Exploitation of immigrant workers not to pass unpunished
Lately we have once again witnessed how workers are exploited under almost slavish conditions in the Swedish labour market. This time focus is on Cameroon guest workers who came to Sweden to afforest with the promise of a salary of SEK 18,500/month (approx. Euro 2,145) and an additional SEK 6,000 (approx. Euro 695) as subsistence allowance.
On arrival, the salary agreement was turned into piecework and suddenly they were to receive SEK 0.22 (approx Euro 0.03) per plant. In order to obtain the same amount as the original salary, they would have had to work day and night setting 3,500 plants daily. This is twice as much as an experienced forest worker is capable of doing and this was thus a slave contract.

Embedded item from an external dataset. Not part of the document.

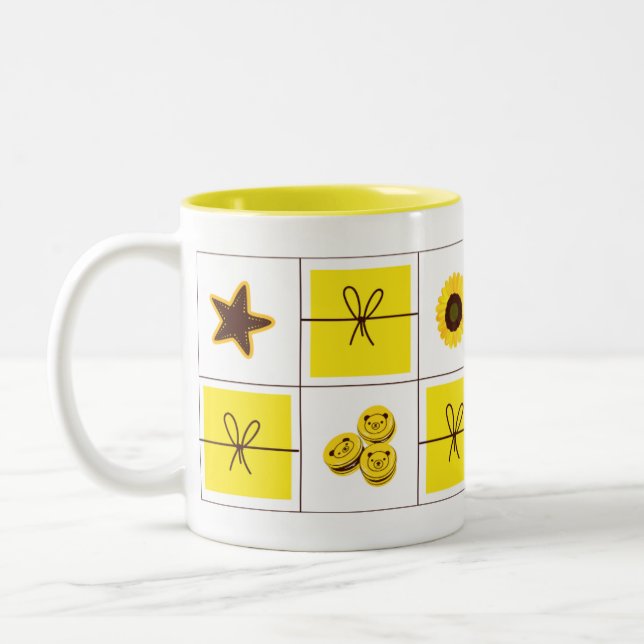 Taza Bicolor Aesthetic Coquette Mug (Izquierda)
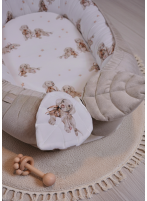 Kokon Niemowlęcy Beige Wyżełki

It is a mistake to let employers, without transparency from the authorities’ side, to be in total control of the workforce immigration. The deregulation of the system four years ago has turn out to be a complete flop. Since then we have regularly experienced shocking cases of exploitation, fiddling and hassles.
At the same time, we have heard the Minister for Migration, energetically maintaining that nothing further needs to be done, and that no legislative adjustment is needed. Now these negative facts are no longer possible to deny, Mr. Thorbjörn Johansson LO Negotiating Secretary, says.
Therefore LO demands that the Swedish Migration Board or other authority should be obliged by law to examine the reliability of employers and job offers. In the case of the forest workers from Cameroon, the reasonableness of the employer’s statement should be questioned if he refers to recruitment difficulties despite of a monthly pay of SEK 25,000 and tasks not requiring professional training.
It is not a reasonable process when the workforce is persuaded to come here from the other side of the world on grounds of a loosely formulated job offer, which the employer can single-handedly alter afterwards. The work permit is being granted based on a non-binding job offer. This must be changed.
We have an adequate demand – that employees must be guaranteed fair working conditions here in Sweden. The only appropriate approach is to demand that work permits are granted only if there are legally binding employment contracts registered at the Swedish Migration Board, continues Torbjörn Johansson.
As things are now it is the worker who alone bears the whole risk. If the Swedish Migration Board or any other authority gets knowledge of deficient working conditions, the work permit is suspended. This is a fact and there has been thousands of cases over a period of only four years.
But no employer has ever been found guilty or even been prosecuted for having exploited workers or mislead the Migration Board. This is unacceptable. We demand that migrant workers having been used by unscrupulous employers must not risk deportation and that these employers must be prosecuted, Torbjörn Johansson states.
Our hope are now centered on that the Green Party in order for this to happen. The Green Party must stop supporting the minority government. Without their active support there had never been these recurrent cases with people who are being exploited, Torbjörn Johansson concludes.